### Exercise details
From the data, copy out every line in which the word "Teams" appears.

Provided information: Begin

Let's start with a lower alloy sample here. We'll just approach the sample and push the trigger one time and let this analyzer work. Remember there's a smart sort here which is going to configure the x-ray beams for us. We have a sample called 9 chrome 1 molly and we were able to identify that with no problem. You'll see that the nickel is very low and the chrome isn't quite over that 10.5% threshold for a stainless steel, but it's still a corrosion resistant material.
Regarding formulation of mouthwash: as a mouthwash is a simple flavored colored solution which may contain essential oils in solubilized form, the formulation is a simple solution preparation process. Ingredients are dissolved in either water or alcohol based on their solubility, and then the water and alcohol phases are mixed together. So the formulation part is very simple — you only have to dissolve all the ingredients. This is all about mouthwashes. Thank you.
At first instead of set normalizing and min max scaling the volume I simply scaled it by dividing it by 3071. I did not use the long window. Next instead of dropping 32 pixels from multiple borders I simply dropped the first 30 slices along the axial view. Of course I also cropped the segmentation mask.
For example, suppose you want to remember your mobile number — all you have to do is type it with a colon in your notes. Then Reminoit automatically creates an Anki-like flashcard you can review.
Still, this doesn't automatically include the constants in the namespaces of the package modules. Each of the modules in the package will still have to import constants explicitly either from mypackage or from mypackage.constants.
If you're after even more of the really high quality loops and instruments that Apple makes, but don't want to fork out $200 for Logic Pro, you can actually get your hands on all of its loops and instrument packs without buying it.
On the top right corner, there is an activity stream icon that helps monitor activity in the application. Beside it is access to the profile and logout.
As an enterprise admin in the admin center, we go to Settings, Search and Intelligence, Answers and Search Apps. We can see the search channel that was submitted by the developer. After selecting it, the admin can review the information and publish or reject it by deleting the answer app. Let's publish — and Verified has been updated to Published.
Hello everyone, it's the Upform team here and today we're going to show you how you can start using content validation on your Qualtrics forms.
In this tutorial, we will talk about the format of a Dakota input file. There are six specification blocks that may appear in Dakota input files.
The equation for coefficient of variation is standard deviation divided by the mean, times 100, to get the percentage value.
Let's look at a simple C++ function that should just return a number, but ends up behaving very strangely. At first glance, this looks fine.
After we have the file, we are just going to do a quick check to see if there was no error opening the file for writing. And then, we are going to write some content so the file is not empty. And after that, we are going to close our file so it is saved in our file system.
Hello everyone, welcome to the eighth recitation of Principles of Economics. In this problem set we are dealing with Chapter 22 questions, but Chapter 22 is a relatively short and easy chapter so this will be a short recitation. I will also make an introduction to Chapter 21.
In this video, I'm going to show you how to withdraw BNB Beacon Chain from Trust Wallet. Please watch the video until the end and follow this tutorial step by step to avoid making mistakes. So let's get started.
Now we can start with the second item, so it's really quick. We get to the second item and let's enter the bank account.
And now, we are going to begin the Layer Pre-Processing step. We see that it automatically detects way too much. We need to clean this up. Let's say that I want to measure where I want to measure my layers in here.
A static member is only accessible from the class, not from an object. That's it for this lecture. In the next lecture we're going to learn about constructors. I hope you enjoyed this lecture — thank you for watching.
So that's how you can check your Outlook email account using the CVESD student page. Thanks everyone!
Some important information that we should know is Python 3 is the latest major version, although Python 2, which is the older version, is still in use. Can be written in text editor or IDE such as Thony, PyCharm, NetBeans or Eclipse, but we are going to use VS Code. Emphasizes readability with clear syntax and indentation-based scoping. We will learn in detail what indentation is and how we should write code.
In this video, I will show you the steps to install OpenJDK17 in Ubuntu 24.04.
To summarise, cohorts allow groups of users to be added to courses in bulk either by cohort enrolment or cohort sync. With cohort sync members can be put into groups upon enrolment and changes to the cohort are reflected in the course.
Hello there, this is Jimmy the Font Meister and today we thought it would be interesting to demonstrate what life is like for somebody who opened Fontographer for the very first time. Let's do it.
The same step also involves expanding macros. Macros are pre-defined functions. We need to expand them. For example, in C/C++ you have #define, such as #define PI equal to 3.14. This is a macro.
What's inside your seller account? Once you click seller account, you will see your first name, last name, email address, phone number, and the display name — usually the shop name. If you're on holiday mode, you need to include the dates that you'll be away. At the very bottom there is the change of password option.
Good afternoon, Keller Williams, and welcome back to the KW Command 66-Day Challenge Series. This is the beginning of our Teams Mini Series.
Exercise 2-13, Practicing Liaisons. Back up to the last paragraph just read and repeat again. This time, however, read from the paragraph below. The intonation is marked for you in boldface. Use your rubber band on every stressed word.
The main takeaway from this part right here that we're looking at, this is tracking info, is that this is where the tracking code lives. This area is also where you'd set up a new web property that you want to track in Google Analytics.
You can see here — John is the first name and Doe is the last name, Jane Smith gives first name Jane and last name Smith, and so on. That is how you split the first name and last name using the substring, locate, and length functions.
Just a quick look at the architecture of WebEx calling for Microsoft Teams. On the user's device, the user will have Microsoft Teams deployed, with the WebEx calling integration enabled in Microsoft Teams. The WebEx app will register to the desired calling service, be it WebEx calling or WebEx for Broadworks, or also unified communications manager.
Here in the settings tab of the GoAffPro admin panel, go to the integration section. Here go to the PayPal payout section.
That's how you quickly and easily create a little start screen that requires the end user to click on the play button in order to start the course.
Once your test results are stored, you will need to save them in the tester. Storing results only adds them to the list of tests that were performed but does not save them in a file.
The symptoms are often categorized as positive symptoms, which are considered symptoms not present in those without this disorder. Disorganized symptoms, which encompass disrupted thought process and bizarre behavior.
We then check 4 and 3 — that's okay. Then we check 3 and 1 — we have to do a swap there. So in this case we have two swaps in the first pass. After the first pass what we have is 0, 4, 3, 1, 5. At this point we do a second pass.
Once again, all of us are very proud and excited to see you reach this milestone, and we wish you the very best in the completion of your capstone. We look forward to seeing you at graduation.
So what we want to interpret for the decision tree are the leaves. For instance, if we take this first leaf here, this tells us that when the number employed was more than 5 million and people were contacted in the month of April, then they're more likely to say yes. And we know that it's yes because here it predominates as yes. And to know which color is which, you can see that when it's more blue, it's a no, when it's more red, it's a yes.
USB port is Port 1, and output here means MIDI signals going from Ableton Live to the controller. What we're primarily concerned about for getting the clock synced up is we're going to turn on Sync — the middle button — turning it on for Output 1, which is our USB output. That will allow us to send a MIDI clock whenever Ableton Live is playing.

Provided information: End

### Answer to this problem
Good afternoon, Keller Williams, and welcome back to the KW Command 66-Day Challenge Series. This is the beginning of our Teams Mini Series.
Just a quick look at the architecture of WebEx calling for Microsoft Teams. On the user's device, the user will have Microsoft Teams deployed, with the WebEx calling integration enabled in Microsoft Teams. The WebEx app will register to the desired calling service, be it WebEx calling or WebEx for Broadworks, or also unified communications manager.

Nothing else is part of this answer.